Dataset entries
--

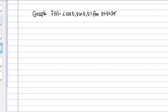Let's work through some examples of graphing curves in space. Our first example is to graph the curve R of t equals cosine t, sine t, t for t between 0 and 2 pi. Often what's helpful in these graphing problems is to start by thinking about the projection onto one of the coordinate planes.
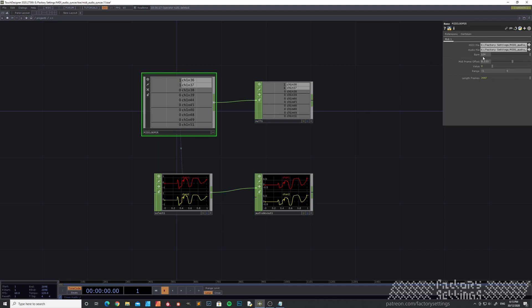Set the BPM first. I happen to know that this one is 124. And if you press play.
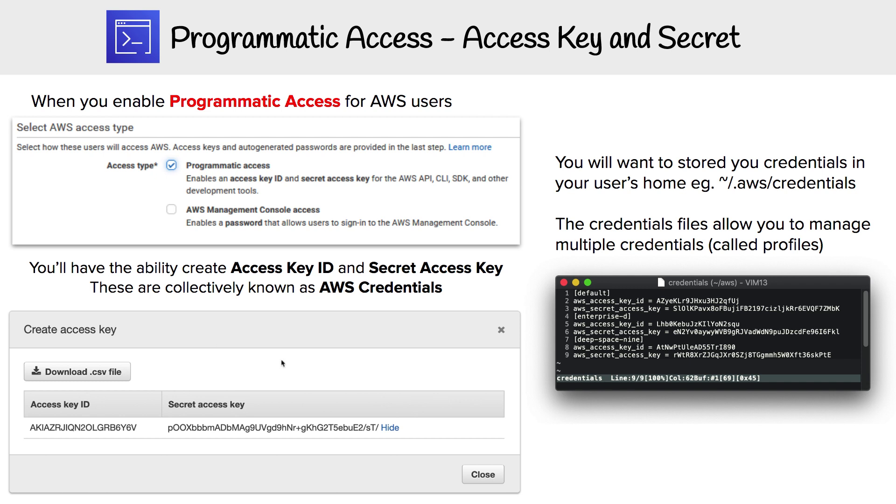Once you have these, you're going to want to store them somewhere. You're going to want to store them in your user's home directory, within a hidden directory called .aws and in a file called credentials.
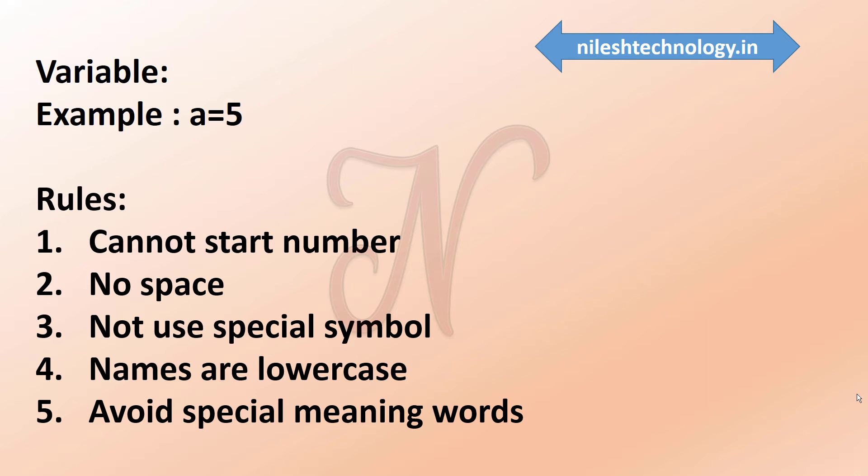Next, they cannot use any of these special symbols. So which special symbols like dollar, star, dot, less than, greater than, except underscore. Any special symbols which are not allowed in variable names.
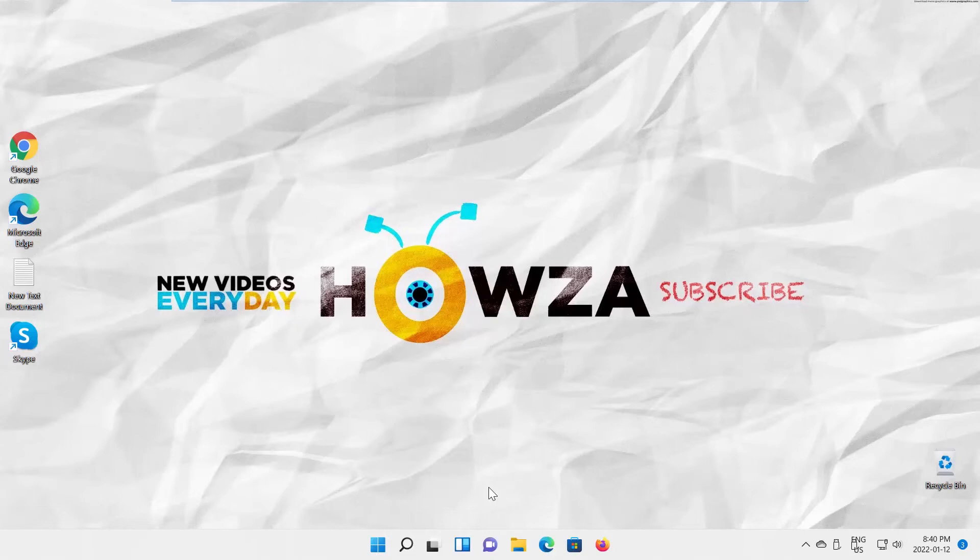Hey! Welcome to Howza Channel! In today's tutorial, you will learn how to bring back the old desktop icons on Windows 11.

--

Leave the images out and print each entry exactly.

Output of the task:
Let's work through some examples of graphing curves in space. Our first example is to graph the curve R of t equals cosine t, sine t, t for t between 0 and 2 pi. Often what's helpful in these graphing problems is to start by thinking about the projection onto one of the coordinate planes.
Set the BPM first. I happen to know that this one is 124. And if you press play.
Once you have these, you're going to want to store them somewhere. You're going to want to store them in your user's home directory, within a hidden directory called .aws and in a file called credentials.
Next, they cannot use any of these special symbols. So which special symbols like dollar, star, dot, less than, greater than, except underscore. Any special symbols which are not allowed in variable names.
Hey! Welcome to Howza Channel! In today's tutorial, you will learn how to bring back the old desktop icons on Windows 11.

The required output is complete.